*** Data for the task Section Begins ***

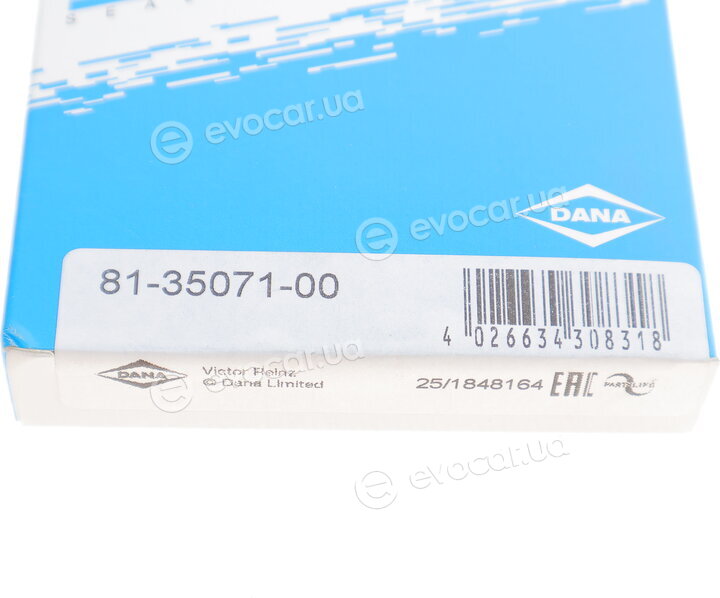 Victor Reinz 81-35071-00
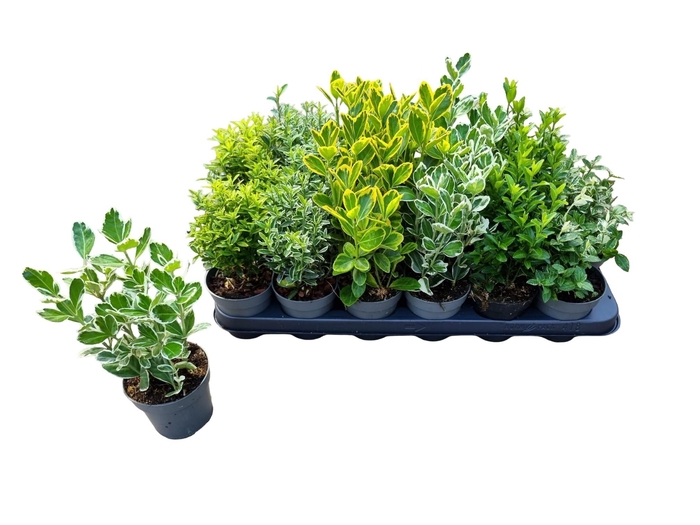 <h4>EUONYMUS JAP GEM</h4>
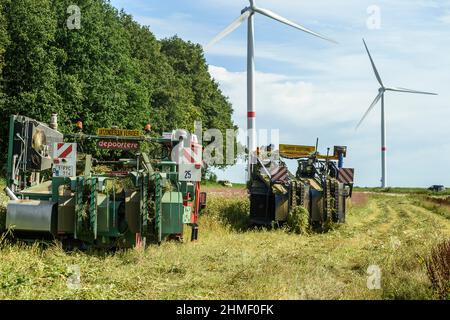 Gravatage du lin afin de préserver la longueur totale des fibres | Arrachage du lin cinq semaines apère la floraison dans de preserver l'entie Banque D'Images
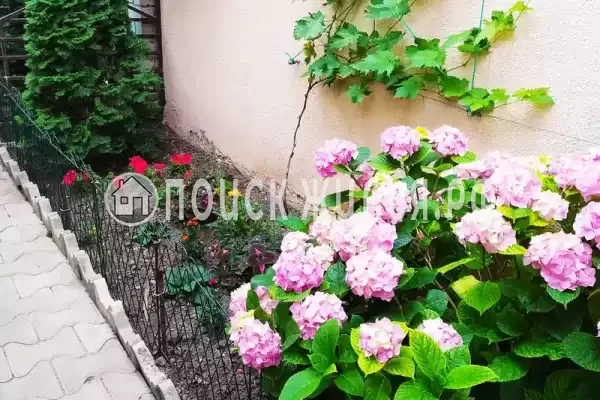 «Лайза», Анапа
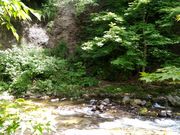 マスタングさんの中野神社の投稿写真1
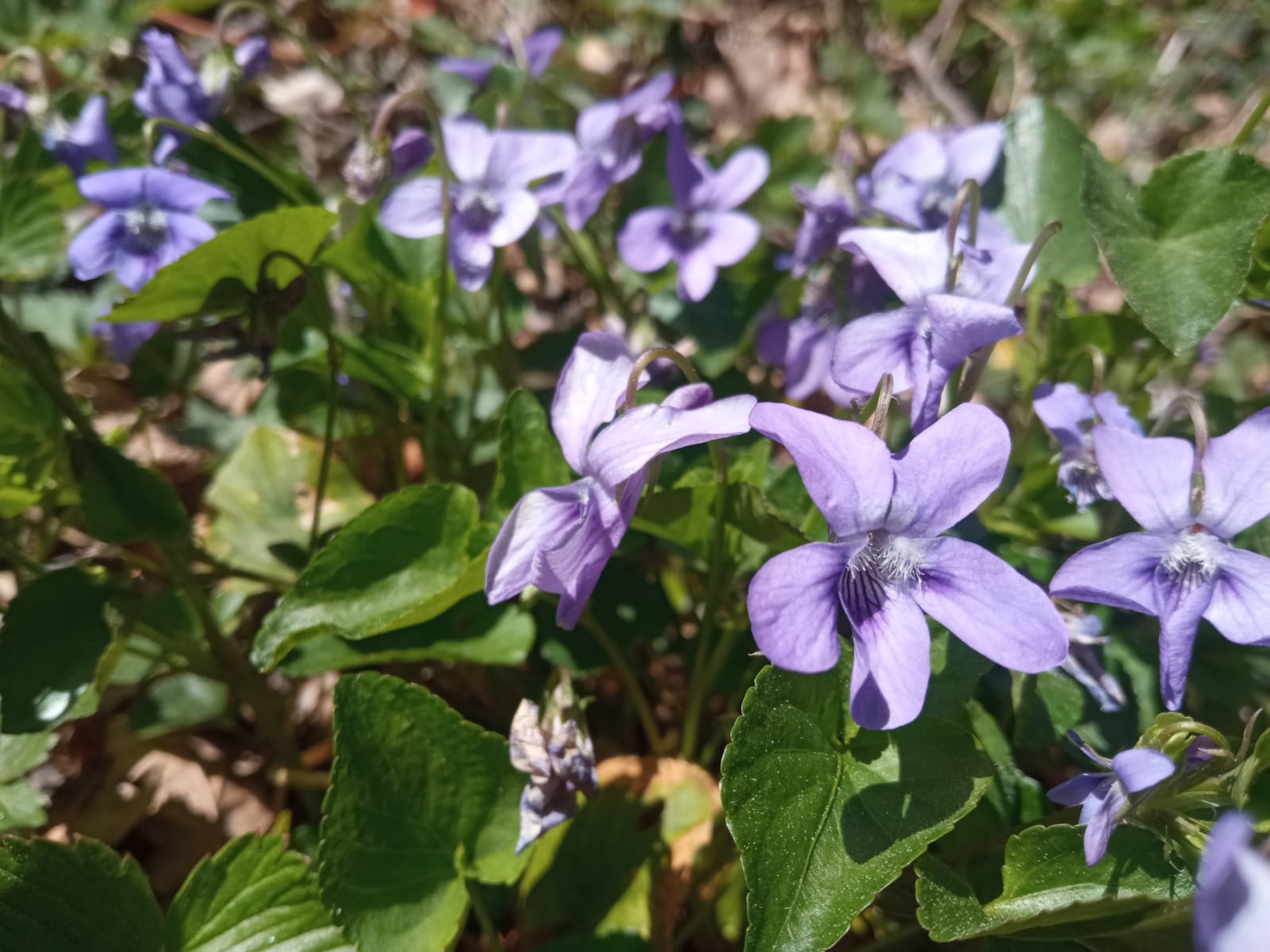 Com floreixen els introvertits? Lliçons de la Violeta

*** Data for the task Section Ends ***
*** Data for the task Section Begins ***

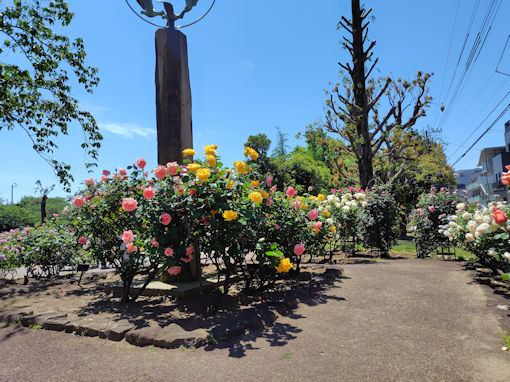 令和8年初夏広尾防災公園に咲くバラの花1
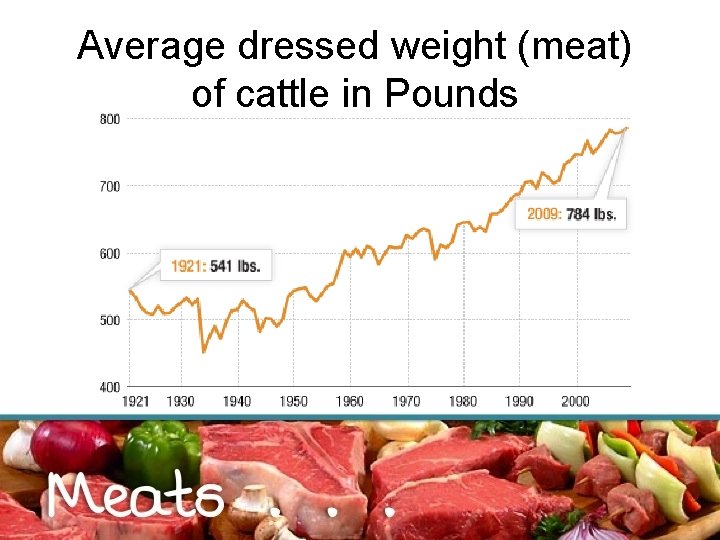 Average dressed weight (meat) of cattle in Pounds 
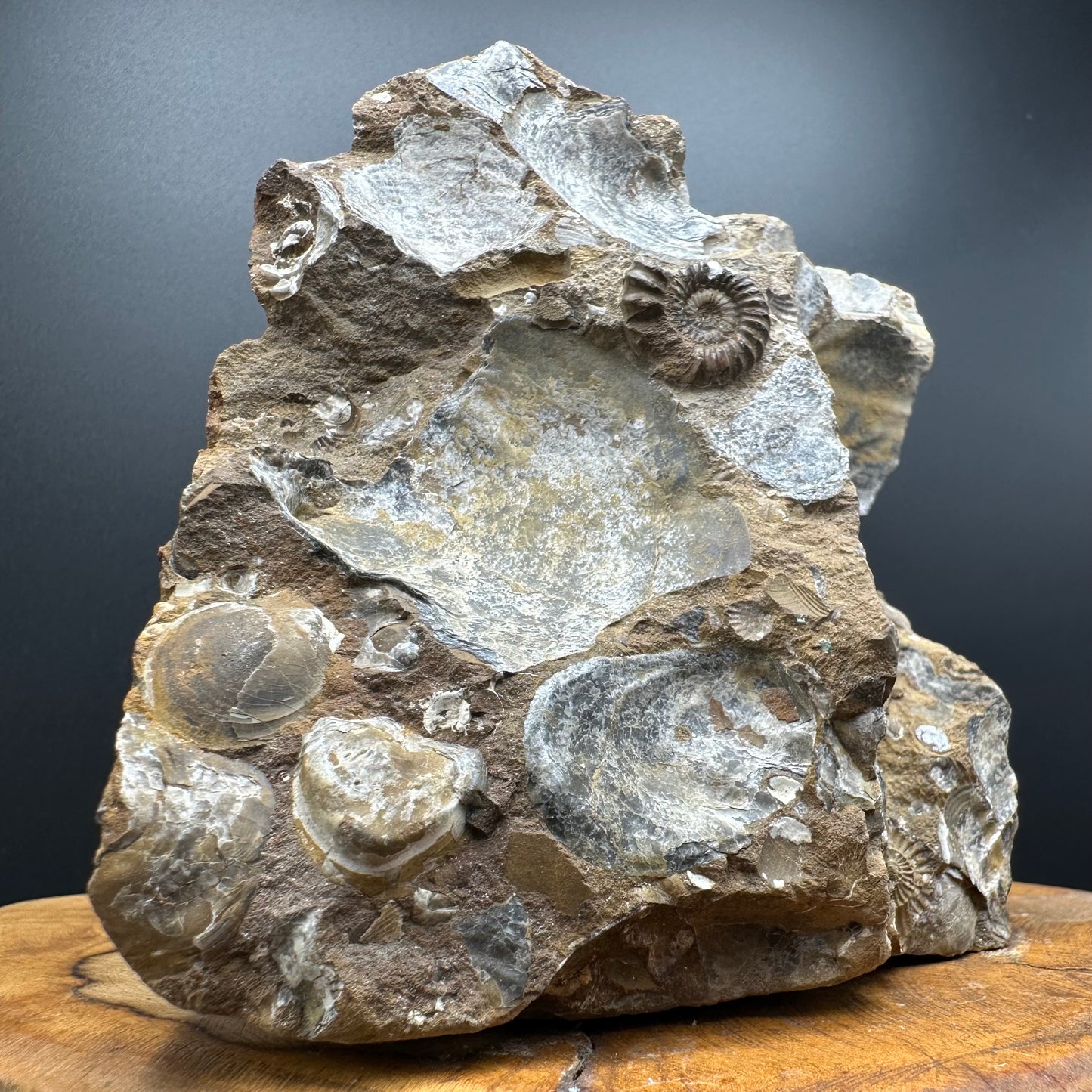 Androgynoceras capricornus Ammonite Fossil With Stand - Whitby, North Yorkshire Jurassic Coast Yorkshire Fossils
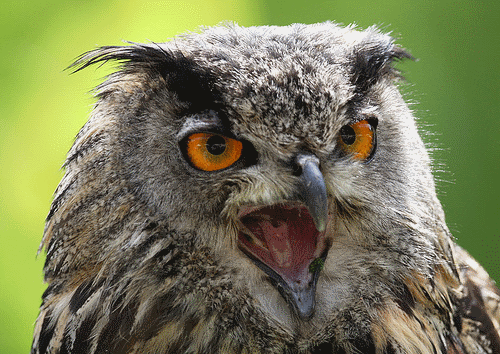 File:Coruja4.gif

*** Data for the task Section Ends ***
*** Data for the task Section Begins ***

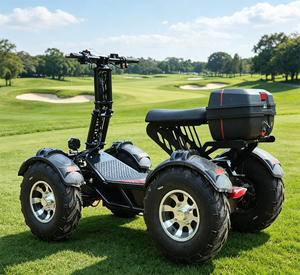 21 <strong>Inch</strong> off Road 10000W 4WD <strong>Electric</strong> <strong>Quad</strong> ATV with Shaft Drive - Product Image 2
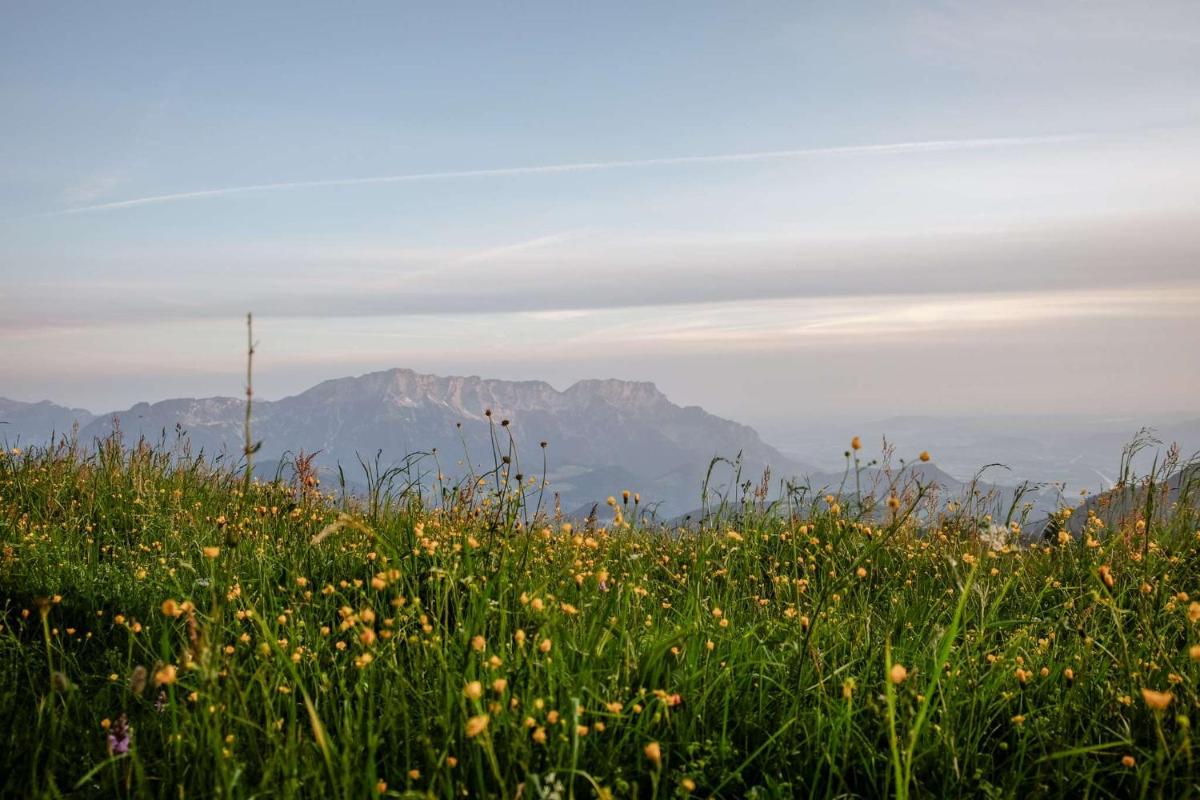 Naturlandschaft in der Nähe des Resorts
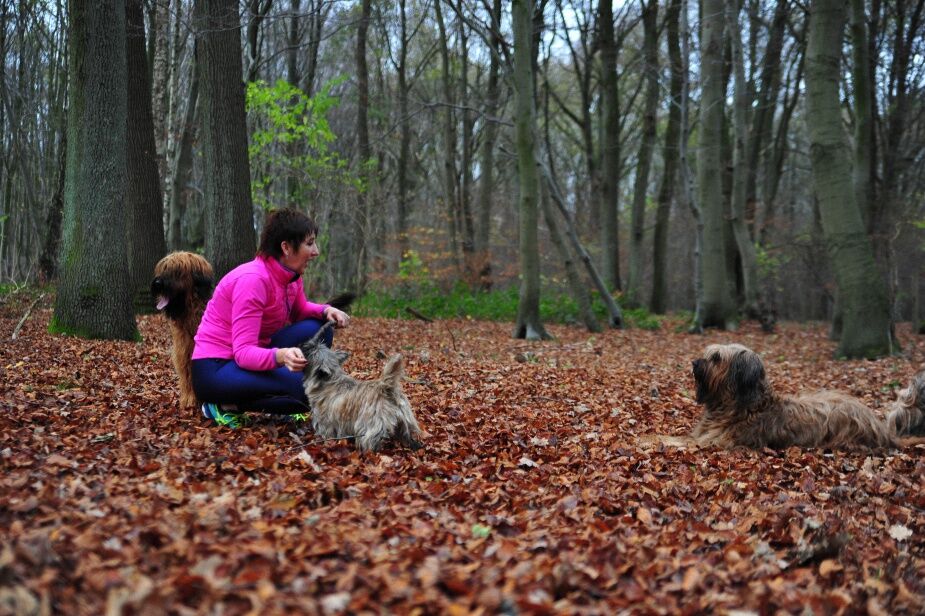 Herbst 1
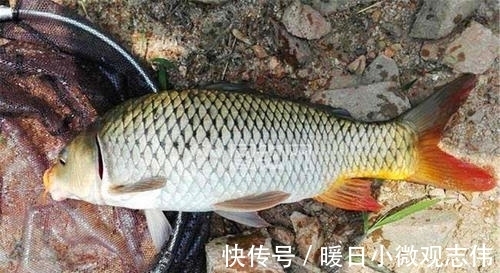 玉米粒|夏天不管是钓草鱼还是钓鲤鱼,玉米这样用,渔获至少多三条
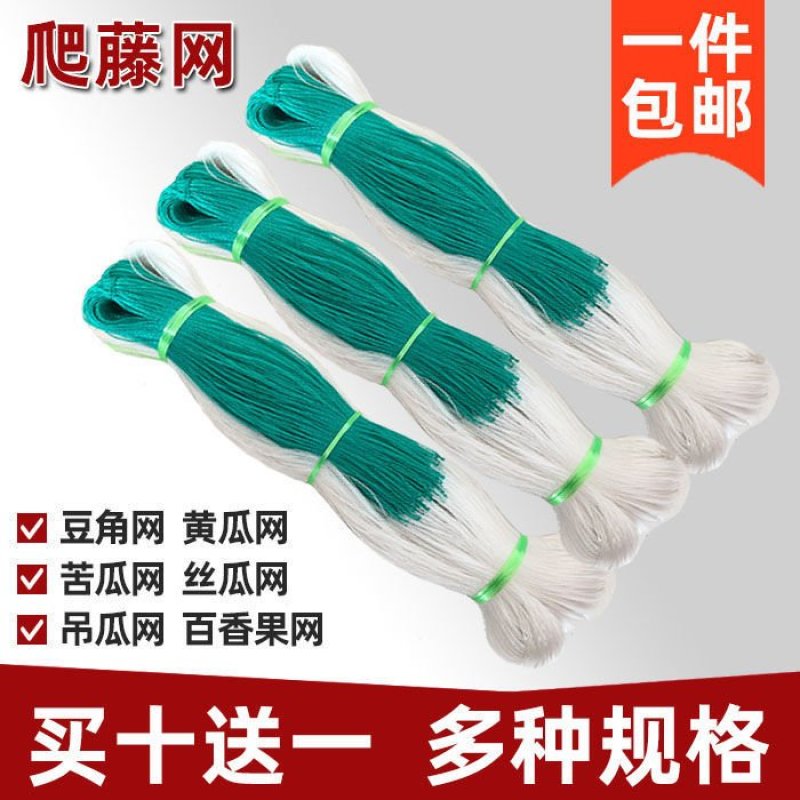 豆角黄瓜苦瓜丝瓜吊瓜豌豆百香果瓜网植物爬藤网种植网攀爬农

*** Data for the task Section Ends ***

Required work: From the records above, copy exactly the lines starting at the one with "マスタングさんの中野神社の投稿写真1" and ending at the one with "Com floreixen els", and no others. Pictures stay out.

Solution:
 マスタングさんの中野神社の投稿写真1
 Com floreixen els introvertits? Lliçons de la Violeta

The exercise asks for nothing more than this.